Harry could have gone to that party in diapers, or even as a foot. But instead he tried to be a manly man and went as a soldier, and got into a whole heap of trouble. He'll know better next time. Even if he'd gone as a 1942-vintage Luftnachrichtenhelferin, as fetchingly depicted in my treasured copy of Women at War, 1939-45, probably no one would have batted an eye.

 

John L. Hess Gone at 87; A Great American Reporter Misses Chance to Flay Bush Inaugural

John Hess grew old the way journalists are meant to go old, but almost never do. He never stopped stamping on the toes of the powers-that-be, never lost his edge, never got out of harness.

He wrote almost till he dropped, more taken up with the latest outrages of the Bush administration, of the New York Times, of scoundrelly real estate tycoons and self aggrandizing liberals than he did about the boring business of putting food in his mouth. Like many folks who get to be 87 and enjoy working, he reckoned a cupful of fuel ould keep the engine running all month.

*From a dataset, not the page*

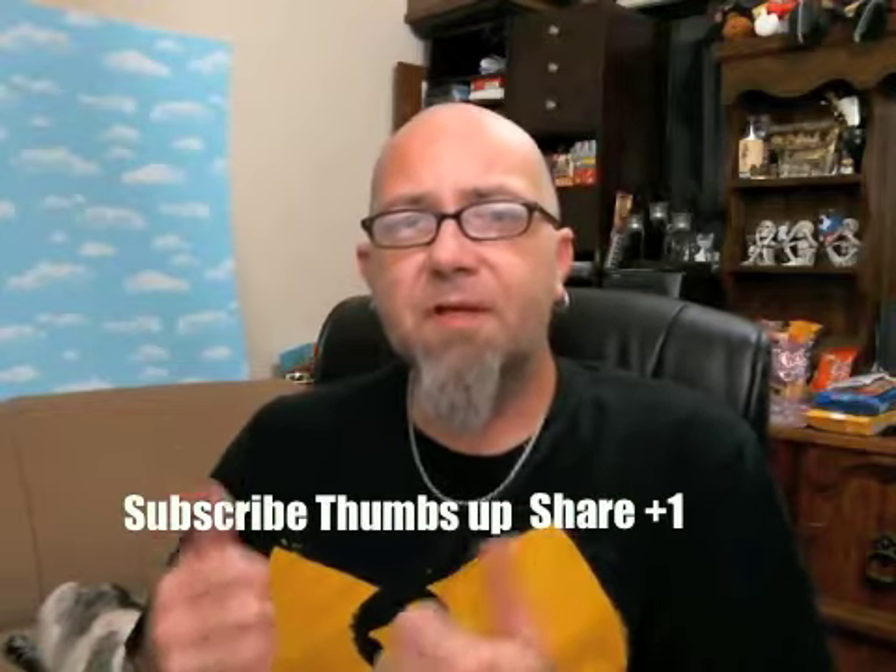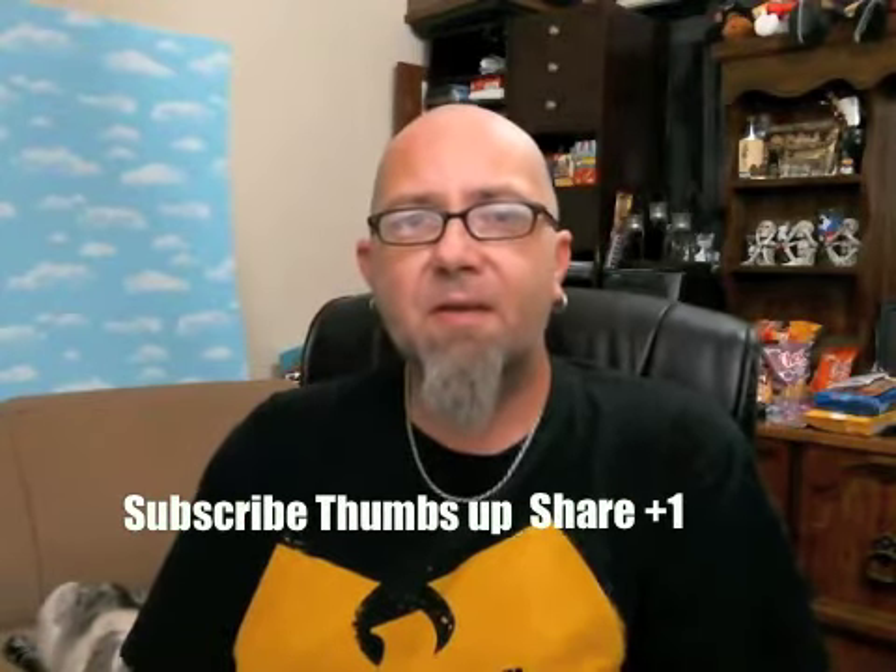There you have it — the Herr's Kettle Cooked potato chips, the cheddar horseradish flavor. Go out and try them if you want; I'm never going to buy them again personally. So until next time, I'm Mr. Dirty, this is the GTM Show. Don't forget to click subscribe, thumbs up, share, plus one, all that crap. And as always, have a riding day.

A friend of CounterPunch, one of John's favored and grateful outlets in his last years, called to tell us last week that John had keeled over in a faint and was in the Jewish Home on the Upper West side of Manhattan. I called him from Petrolia, here in California, and at first he sounded, as the Irish say, pretty shook.

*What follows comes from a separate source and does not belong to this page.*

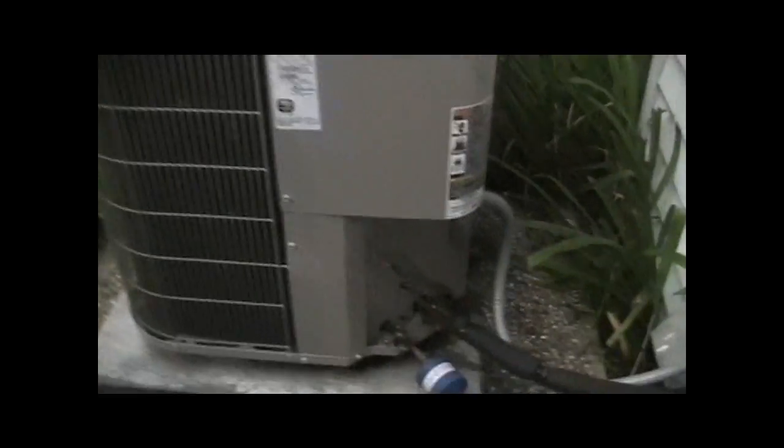This replaced an old Day and Night that had the compressor in the back, and the fan discharged off the side. So yeah, this Bryant replaced an old Day and Night.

I had some difficulty making out what he was saying but then he gathered force and soon was pressing me to suggest a publisher for the writings and commentaries he'd done since his splendid, acrid memoir of his life on the New York Times. We chatted a while and a few days later, on Jan 15, we got an email relayed by his children Martha and Peter:

From deepest rehabilitation -- Greetings. I've been too disabled by reality to spread my usual cheer at a time when there's been so much to spread,
i.e. -- Kerik and Gonzales. As Rummy likes to put it, we have to deal with the humankind they gave us.

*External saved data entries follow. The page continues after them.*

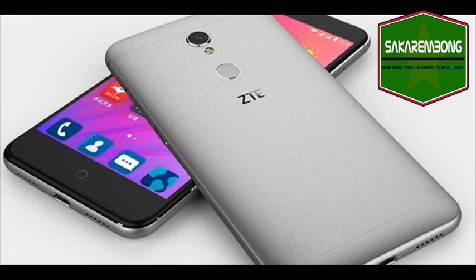The ZTE Blade A2S comes with 3GB of RAM and 32GB of onboard storage that can be further expanded via microSD card.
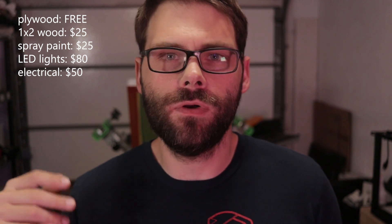So the question you guys are probably all wondering — how much did this cost? Let me break it down. The plywood was free — I had scrap wood from workbenches I took apart. The 1x2 pieces of wood cost $25. Spray paint was about $25. The LEDs came in a pack of four for $40, so eight of those ended up being $80. All the electrical stuff — switches, cables, connectors, a wire cutter/crimper — cost about $50.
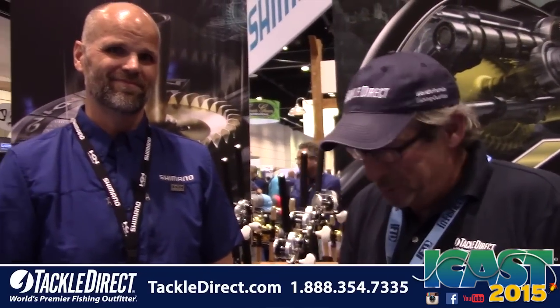You can shop 24/7 at TackleDirect.com. If you want to wait and see if more cool stuff is coming from Shimano, we're going to be here for at least another couple of hours going through all the new reels. Stay with us, and thanks again Chris for joining us — ICAST 2015, TackleDirect Live.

Onward and upward. Till the next time.

John.

I figured he'd soon be back in action, but it turns out John's race was almost over. We got an email early on Friday from his son Peter saying he died peacefully in his sleep even earlier that day, at the age of 87. Thus he was spared the Inauguration, about which he would have filed one of his inimitably succinct commentaries. At 84, his wife Karen --active collaborator in those seignant days and nights when the Two Musketeers took the Food Establishment by storm--survives him.

Whenever I saw John, rare in recent years since we live at opposing edges of this continent he reminded me of the old, green eyeshade days, when the best journalists were bohemian in spirit, parlous in financial stability, knew their way round libraries, back alleys, lobbies, precinct houses, waiting rooms, morgues, corporate balance sheets, wine lists, the Eighteenth Brumaire. They mostly didn't go to roundtables at the Council on Foreign Relations but if they did they could take the striped pant pundits down in a second with a couple of facts and a knowledgeable anecdote. They had real politics and the fire of the great populist muckrakers and hellraisers of an even earlier time.

That was John and in this land of some 250 million souls, there are others--not too many, to be sure--who resemble him, dissenters to the end, bloodied but unbowed before the pettiness, ignorance, arrogance and malevolence of power.

Footnote: I'm sad to have had the opportunity to honor, albeit briefly, John Hess in this diary. My somewhat heterodox thoughts on Prince Harry's fancy dress first ran in the print edition of the Nation that went to press last Wednesday.